Joann McDaniel, assistant dean for undergraduate programs in the School of Art & Design, said the cost of this computer package is included in the cost of first-year tuition for Art & Design students — which is sometimes covered by financial aid.
“Our students have a larger budget for financial aid,” she said. “The cost of being a freshman in the School of Art & Design is greater than the cost of being a freshman in, say, LSA. And the difference is that our students are required to buy a computer package. So it’s included as part of their budget — if a student qualifies for financial aid, then they get aid for their Art & Design tuition (including the computer package).”
She said students are given a four-year warranty for their purchase of the package, which is discounted through the Computer Showcase, so the laptop should be a one-time expense while they are attending the University.
McDaniel added that the Art & Design computer package is necessary because every discipline within the school requires a significant amount of computer-based work. She said standardizing the package puts all students on an equal playing field.
“When everybody has the same equipment, it’s a little bit like wearing a uniform,” she said. “(The package) doesn’t mean that there is perfect equity, but it’s one more step (towards equal opportunity).”
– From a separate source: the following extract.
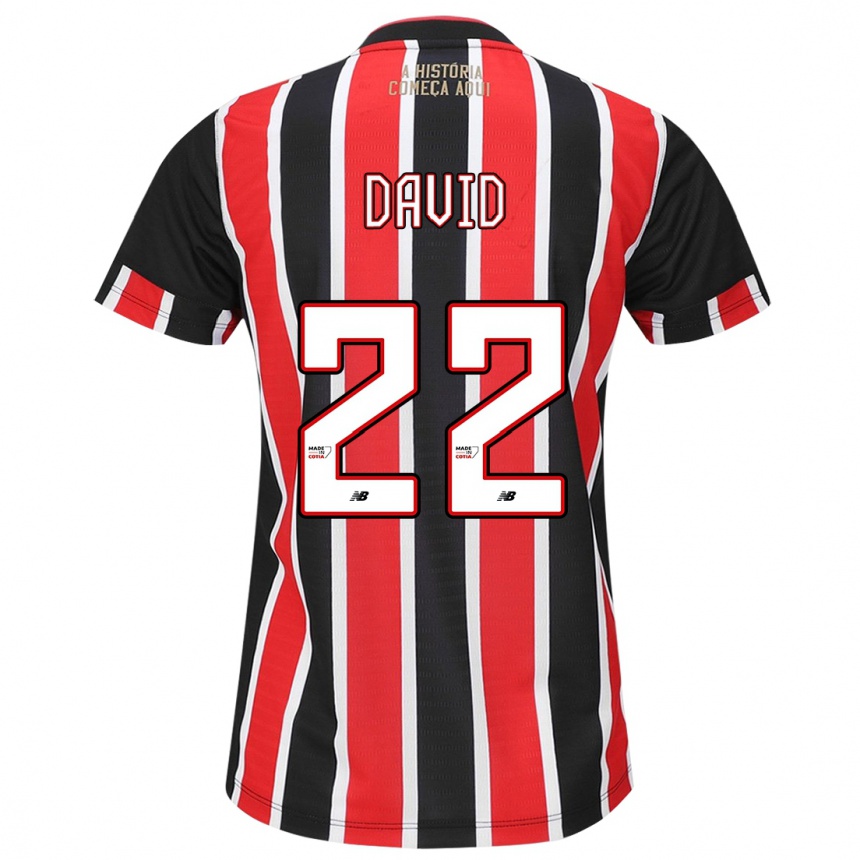 Niño Fútbol Camiseta David #22 Negro Rojo Blanco 2ª Equipación 2024/25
Ross School of Business students are not required to purchase a laptop but are warned that they will likely be at a disadvantage in both class and group work if they do not own a personal computer. The Business School’s website says that while students do have access to several public-use labs around campus, they should consider the fact that space in those labs will be limited.
Similarly, the School of Information does not have any specific laptop requirements. Education and Information Prof. Barry Fishman said decisions about what technology is required for classes are left up to the instructor.
Furthermore, neither the School of Music, Theatre & Dance, the School of Kinesiology nor the College of Engineering require students to obtain a personal computer.
Monika Dressler, director of LSA Instructional Support Services, said in an e-mail interview that LSA does not have a laptop policy and does not require students to own their own computers.
“While some instructors do encourage students to use laptops in their classes, other faculty discourage or even ban the use of laptops or other mobile devices because they find them disruptive and distracting for students,” she said.